First Doyle puts the contemporary examples in a historical context by comparing them to treatment of similarly transgressive women such as Mary Wollenstonecraft, Charlotte Bronte and Billie Holliday. Women who have expressed their humanity by refusing to be nothing more than objects for men to project themselves on to are labelled as crazy and hysterical. All their genius and work is erased by a focus on their sexuality and emotionality. It is, of course, a double standard. Men who have behaved in exactly the same ways are rarely punished for it and Trainwreck provides a number of examples of men whose careers have flourished despite addiction, or mental illness, or even merely expressing grief and anger.

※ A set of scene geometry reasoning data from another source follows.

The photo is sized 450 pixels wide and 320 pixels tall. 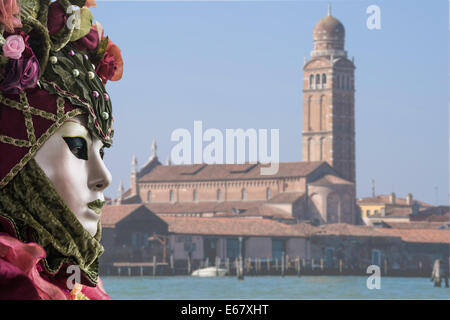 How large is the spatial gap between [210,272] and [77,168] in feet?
147

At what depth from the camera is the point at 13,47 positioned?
3.13 feet

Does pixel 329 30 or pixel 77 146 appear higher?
pixel 329 30

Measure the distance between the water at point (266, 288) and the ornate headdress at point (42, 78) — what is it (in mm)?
33635

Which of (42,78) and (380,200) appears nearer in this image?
(42,78)

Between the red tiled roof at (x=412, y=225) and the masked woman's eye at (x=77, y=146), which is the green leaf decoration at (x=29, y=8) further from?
the red tiled roof at (x=412, y=225)

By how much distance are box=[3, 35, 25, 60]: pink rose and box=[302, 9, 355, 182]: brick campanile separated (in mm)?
71118

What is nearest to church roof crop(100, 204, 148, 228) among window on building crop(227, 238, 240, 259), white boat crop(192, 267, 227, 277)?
white boat crop(192, 267, 227, 277)

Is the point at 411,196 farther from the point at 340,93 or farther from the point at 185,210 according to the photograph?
the point at 185,210

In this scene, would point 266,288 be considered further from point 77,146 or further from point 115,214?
point 77,146

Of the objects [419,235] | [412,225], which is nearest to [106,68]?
[419,235]

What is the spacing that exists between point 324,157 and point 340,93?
14.6 feet

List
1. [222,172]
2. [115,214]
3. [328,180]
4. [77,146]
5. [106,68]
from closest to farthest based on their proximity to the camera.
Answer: [77,146] < [106,68] < [115,214] < [328,180] < [222,172]

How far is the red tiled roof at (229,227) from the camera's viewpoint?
46969mm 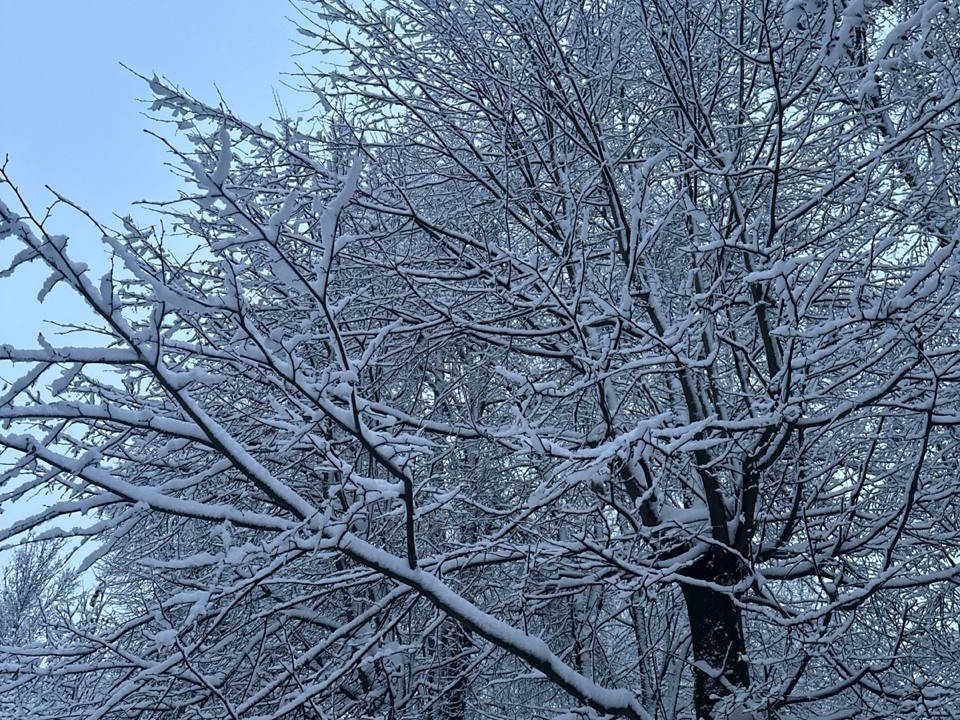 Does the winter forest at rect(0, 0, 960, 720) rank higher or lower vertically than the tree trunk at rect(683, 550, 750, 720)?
higher

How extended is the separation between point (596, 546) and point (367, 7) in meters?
3.55

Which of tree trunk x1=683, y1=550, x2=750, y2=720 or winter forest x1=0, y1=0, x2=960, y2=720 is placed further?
tree trunk x1=683, y1=550, x2=750, y2=720

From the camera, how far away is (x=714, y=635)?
382 centimetres

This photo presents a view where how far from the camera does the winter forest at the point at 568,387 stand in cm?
263

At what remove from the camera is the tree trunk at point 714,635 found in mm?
3666

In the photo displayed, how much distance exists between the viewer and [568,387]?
3322 millimetres

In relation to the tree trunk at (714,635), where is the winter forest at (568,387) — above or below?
above

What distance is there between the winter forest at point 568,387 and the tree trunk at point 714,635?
2 cm

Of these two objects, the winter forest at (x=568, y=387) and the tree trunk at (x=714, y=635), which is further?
the tree trunk at (x=714, y=635)

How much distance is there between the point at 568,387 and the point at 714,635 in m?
1.61

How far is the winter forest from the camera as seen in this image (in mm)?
2629

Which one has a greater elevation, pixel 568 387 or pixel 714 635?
pixel 568 387

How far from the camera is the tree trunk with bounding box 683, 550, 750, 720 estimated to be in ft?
12.0

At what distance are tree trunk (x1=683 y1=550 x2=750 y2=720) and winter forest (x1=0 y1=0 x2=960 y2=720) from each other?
2 cm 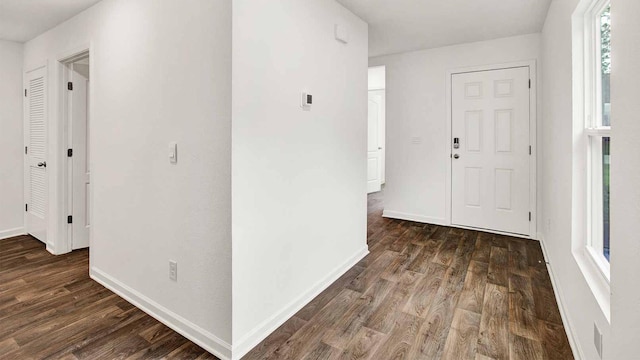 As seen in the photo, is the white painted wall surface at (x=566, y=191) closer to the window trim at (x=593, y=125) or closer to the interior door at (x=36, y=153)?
the window trim at (x=593, y=125)

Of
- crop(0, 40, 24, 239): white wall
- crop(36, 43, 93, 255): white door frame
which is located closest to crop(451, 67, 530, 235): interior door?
crop(36, 43, 93, 255): white door frame

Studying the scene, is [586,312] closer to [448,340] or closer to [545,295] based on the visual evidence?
[448,340]

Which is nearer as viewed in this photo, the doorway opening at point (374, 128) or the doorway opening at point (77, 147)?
the doorway opening at point (77, 147)

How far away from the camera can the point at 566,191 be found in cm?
217

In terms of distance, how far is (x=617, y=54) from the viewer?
120cm

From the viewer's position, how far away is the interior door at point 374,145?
7184 mm

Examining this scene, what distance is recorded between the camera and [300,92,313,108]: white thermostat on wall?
7.63ft

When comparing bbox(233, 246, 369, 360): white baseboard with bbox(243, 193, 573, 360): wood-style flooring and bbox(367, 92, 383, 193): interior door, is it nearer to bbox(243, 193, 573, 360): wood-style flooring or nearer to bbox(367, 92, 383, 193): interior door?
bbox(243, 193, 573, 360): wood-style flooring

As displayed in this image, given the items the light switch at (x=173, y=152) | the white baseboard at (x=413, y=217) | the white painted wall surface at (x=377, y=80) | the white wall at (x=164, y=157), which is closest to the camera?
the white wall at (x=164, y=157)

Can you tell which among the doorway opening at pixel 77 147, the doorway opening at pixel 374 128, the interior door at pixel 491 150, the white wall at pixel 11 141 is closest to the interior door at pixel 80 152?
the doorway opening at pixel 77 147

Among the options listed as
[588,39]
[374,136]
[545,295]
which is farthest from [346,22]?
[374,136]

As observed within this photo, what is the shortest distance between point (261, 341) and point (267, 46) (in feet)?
5.62

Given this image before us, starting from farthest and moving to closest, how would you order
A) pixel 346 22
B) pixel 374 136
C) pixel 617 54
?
1. pixel 374 136
2. pixel 346 22
3. pixel 617 54

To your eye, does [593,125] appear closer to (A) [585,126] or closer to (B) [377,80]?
(A) [585,126] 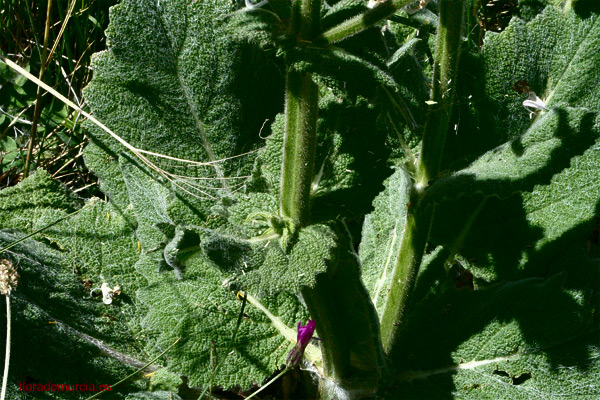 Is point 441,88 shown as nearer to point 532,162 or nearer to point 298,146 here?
point 532,162

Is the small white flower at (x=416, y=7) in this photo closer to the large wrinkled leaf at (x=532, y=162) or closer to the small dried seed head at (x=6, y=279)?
the large wrinkled leaf at (x=532, y=162)

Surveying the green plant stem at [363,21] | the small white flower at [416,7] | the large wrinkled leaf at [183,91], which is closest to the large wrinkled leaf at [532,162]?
the small white flower at [416,7]

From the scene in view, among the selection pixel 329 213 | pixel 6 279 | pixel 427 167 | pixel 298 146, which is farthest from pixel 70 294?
pixel 427 167

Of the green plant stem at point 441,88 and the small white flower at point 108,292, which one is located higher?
the green plant stem at point 441,88

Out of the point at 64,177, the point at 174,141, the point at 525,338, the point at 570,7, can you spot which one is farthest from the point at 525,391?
the point at 64,177

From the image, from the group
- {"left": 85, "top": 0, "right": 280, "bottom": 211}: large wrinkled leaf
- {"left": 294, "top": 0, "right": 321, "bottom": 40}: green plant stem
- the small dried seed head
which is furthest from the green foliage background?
{"left": 294, "top": 0, "right": 321, "bottom": 40}: green plant stem

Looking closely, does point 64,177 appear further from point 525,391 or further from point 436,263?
point 525,391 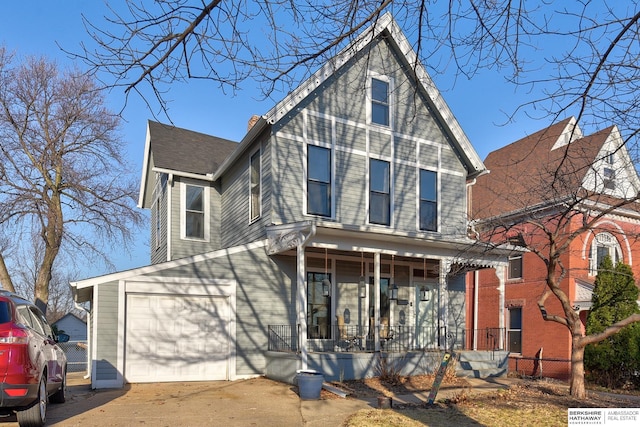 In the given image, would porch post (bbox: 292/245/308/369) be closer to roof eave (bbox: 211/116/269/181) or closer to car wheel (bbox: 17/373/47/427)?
roof eave (bbox: 211/116/269/181)

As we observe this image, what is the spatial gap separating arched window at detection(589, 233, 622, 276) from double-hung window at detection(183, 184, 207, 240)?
15102mm

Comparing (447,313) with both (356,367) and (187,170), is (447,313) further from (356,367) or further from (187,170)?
(187,170)

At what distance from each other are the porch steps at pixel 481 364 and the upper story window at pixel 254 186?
6838 millimetres

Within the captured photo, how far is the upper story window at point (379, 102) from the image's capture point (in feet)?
51.2

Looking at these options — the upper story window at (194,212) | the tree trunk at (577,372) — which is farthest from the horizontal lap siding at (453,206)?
the upper story window at (194,212)

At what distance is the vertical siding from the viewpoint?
11438 millimetres

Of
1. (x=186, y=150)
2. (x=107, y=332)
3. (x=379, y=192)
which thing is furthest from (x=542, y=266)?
(x=107, y=332)

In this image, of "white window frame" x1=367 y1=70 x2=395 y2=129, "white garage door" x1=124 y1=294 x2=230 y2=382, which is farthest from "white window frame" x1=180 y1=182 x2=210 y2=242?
"white window frame" x1=367 y1=70 x2=395 y2=129

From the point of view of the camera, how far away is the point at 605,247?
2127cm

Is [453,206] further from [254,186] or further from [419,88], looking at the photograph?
[254,186]

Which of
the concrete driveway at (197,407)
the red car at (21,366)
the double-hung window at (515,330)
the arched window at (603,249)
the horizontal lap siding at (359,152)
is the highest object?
the horizontal lap siding at (359,152)

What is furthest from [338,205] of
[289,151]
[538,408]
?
[538,408]

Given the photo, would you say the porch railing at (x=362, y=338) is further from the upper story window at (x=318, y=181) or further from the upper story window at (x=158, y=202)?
the upper story window at (x=158, y=202)

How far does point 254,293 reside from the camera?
43.3ft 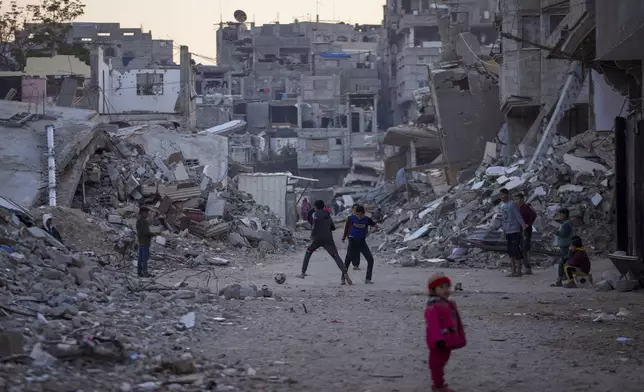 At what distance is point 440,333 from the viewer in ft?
22.9

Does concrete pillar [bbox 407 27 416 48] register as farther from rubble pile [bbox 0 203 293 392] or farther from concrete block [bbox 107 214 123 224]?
rubble pile [bbox 0 203 293 392]

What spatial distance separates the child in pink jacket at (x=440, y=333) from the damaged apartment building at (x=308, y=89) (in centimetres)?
6519

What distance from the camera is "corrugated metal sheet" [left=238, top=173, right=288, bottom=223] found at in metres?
41.9

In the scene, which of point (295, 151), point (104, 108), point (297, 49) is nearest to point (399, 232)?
point (104, 108)

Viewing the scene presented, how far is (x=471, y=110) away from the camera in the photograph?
3956cm

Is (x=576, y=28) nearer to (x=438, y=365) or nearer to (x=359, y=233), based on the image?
(x=359, y=233)

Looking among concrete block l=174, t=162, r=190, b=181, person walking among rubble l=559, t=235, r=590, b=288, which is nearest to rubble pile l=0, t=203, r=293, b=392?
person walking among rubble l=559, t=235, r=590, b=288

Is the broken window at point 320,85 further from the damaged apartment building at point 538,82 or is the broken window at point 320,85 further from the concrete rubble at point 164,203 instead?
the concrete rubble at point 164,203

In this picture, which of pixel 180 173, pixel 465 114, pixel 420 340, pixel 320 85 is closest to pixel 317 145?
pixel 320 85

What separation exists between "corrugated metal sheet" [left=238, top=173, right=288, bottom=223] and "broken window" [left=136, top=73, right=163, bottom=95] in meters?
20.0

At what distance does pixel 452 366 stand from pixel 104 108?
Answer: 162ft

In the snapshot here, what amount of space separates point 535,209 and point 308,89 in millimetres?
64962

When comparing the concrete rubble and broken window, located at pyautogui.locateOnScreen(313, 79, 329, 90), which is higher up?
broken window, located at pyautogui.locateOnScreen(313, 79, 329, 90)

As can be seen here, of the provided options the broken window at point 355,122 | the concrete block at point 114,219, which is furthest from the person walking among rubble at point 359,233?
the broken window at point 355,122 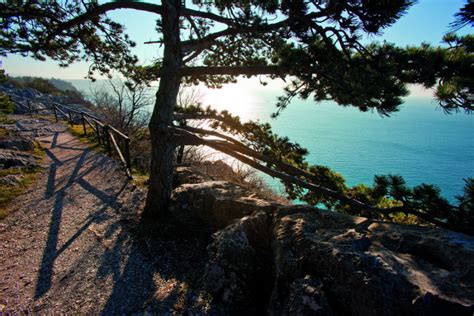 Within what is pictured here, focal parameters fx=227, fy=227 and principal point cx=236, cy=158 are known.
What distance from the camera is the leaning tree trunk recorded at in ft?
12.6

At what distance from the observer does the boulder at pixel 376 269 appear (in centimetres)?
A: 155

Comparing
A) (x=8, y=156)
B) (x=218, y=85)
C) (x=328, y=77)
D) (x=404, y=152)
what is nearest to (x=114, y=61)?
(x=218, y=85)

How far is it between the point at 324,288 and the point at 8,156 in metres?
9.96

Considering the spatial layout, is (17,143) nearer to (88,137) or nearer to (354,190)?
(88,137)

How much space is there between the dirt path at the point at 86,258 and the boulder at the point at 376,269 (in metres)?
1.34

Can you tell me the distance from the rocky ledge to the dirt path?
0.66 meters

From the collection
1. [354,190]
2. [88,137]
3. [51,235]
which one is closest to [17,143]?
[88,137]

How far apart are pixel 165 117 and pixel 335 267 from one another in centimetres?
354

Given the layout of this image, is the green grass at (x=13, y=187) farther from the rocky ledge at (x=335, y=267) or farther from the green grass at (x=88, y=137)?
the rocky ledge at (x=335, y=267)

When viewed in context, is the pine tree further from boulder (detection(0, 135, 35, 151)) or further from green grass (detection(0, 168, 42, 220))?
boulder (detection(0, 135, 35, 151))

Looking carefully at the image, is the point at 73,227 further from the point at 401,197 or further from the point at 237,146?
the point at 401,197

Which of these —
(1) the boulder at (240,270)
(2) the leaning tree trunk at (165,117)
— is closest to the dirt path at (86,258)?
(1) the boulder at (240,270)

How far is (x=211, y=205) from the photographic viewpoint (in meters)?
4.23

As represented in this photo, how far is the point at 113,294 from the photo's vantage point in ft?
10.6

What is it that we are supposed to learn from these examples? They perform the same function as girls in folklore such as Red Riding Hood, showing the dangers that will befall us if we stray from the path. The impossible, conflicting standards women are supposed to maintain are policed by the fear of what will happen when we stop trying to comply. When we speak up instead of remaining silenced.
This is a powerful, erudite and informed critical analysis of a pervasive part of our culture written in an entertaining and accessible way. It will make you re-think how you feel about the women dragged through the press and maybe have more compassion for them. Read it and allow it to make you angry.